It’s been a light week for posting here, due to other obligations, and also the fact that I don’t like to post just for the sake of posting... That said, here are a few regional tidbits worth reporting:
- Chef/author Zak Pelaccio’s much-anticipated upstate restaurant with Jori Jayne Emde on South 3rd Street in Hudson reportedly will be called Fish & Game, with renovations continuing at a fever pace in hopes of opening this winter.
- HUMP, a/k/a the Hudson Museum of Photography, opens this Saturday with a solo show by Stephen Johnson entitled Moonman. HUMP is located at 552 Warren Street.

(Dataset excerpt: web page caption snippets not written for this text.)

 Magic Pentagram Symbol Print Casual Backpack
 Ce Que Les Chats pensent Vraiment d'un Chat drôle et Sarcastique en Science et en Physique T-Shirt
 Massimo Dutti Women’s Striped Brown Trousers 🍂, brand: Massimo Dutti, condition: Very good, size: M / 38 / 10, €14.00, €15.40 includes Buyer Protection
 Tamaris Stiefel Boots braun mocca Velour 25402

- After a hiatus following the death of Don Blasko, his wife Mady has reopened the Turnpike Inn.
- In other Town of Ghent drinking news, longtime Kozel’s bartender Ned has stepped down to enjoy some well-deserved leisuretime after many years of solid service. It’s rare to find a real oldschool barkeep of Ned’s caliber around here.
- Laetitia Hussain’s recent three-story installation at John Davis Gallery, Sycamorphology has sold and is said to be headed to a publicly-accessible space in New York City.

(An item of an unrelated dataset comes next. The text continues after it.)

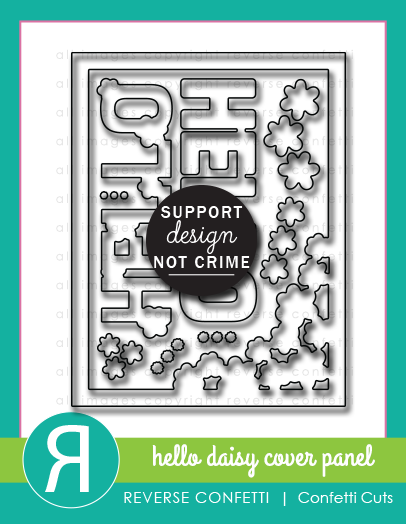 Hello Daisy Cover Panel Confetti Cuts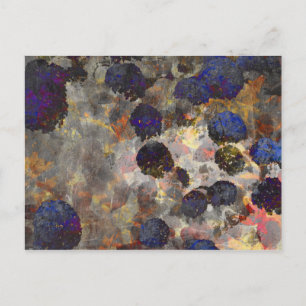 Digital background art of floral / flower pattern postcard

- According to several sources the Laskin family is no longer involved with the operation of TCI of NY, the PCB waste company David Laskin moved to Ghent from Newburgh after a fire there in the 1980s. It thus presumably was just a coincidence that (as several other sources have pointed out) the 165-acre Laskin family compound in Old Chatham went on the market for $3,200,000 on August 3rd—just two days after the most recent and most catastrophic TCI fire.

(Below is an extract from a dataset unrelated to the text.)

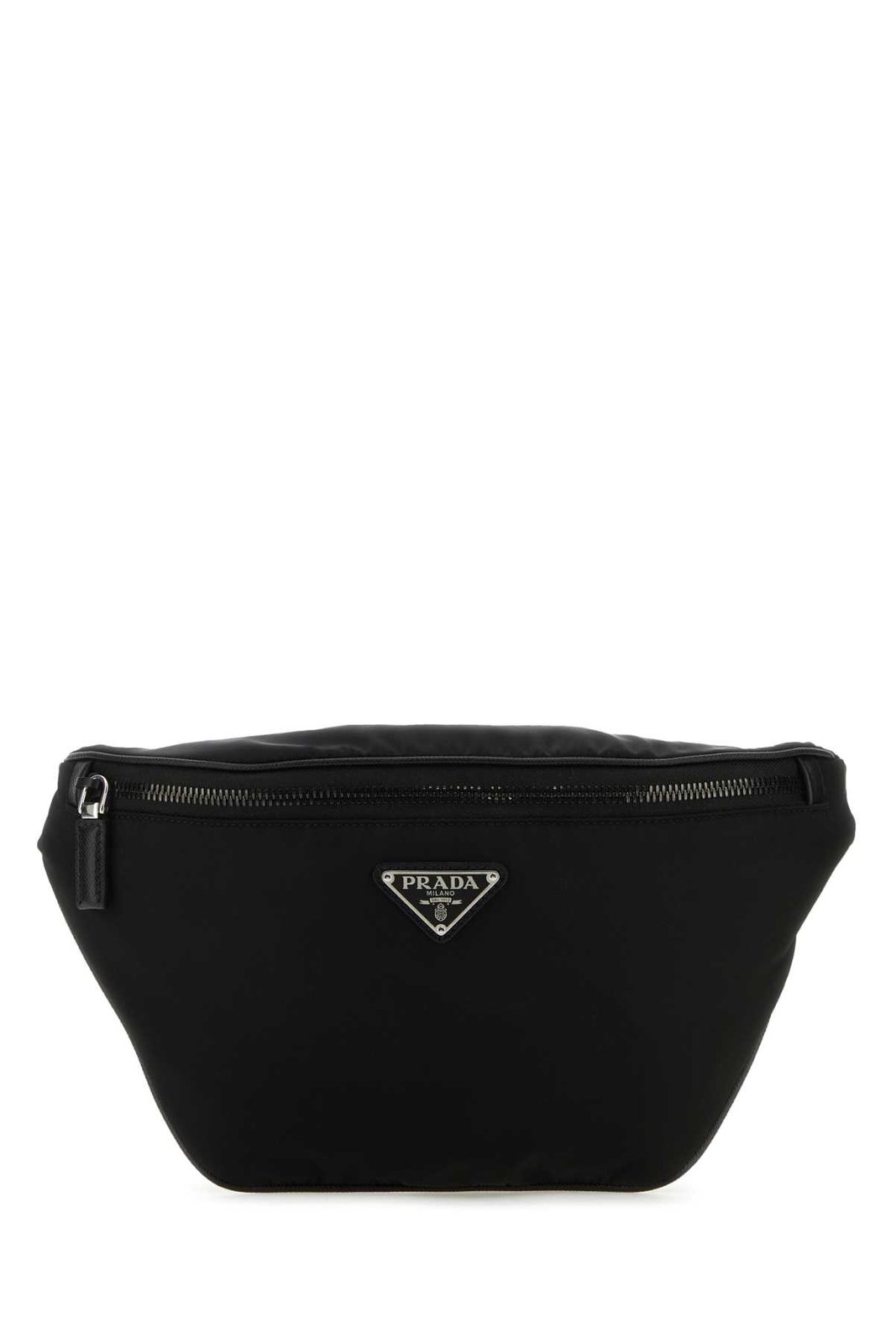 Prada Logo-Plaque Zipped Belt Bag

- Also regarding TCI, Albany TV stations and other print outlets are reporting that the August 1st fire has been cleared of any suspicion of arson by the New York State Police, though their official report on the cause of the fire is not complete. The August conflagration was TCI’s second fire of 2012, and occurred in the context of a series of other fires in the Route 9H corridor—one of which was affirmatively deemed an arson. (Since the time of this site’s post on that topic, residents have noted several additional fires on roads just slightly off 9H.)
- It’s come to this site’s attention that several Hudson elected officials are unaware that the City has an adopted Comprehensive Plan, which can be downloaded in two parts via this link. The plan straddled the Cranna and Scalera administrations, being developed in 2000-2001 and passed in 2002. Due to the then-raging St. Lawrence Cement controversy, and the City’s decision to hire SLC’s own planning firm as its consultant, the final plan was greatly watered down, but it does include a few useful nuggets; more on that next week, probably.
- This Sunday will feature the last farmer’s market of the season in Philmont, according to Sally Baker of PB, Inc. The market’s hours are 10 am to 1 pm.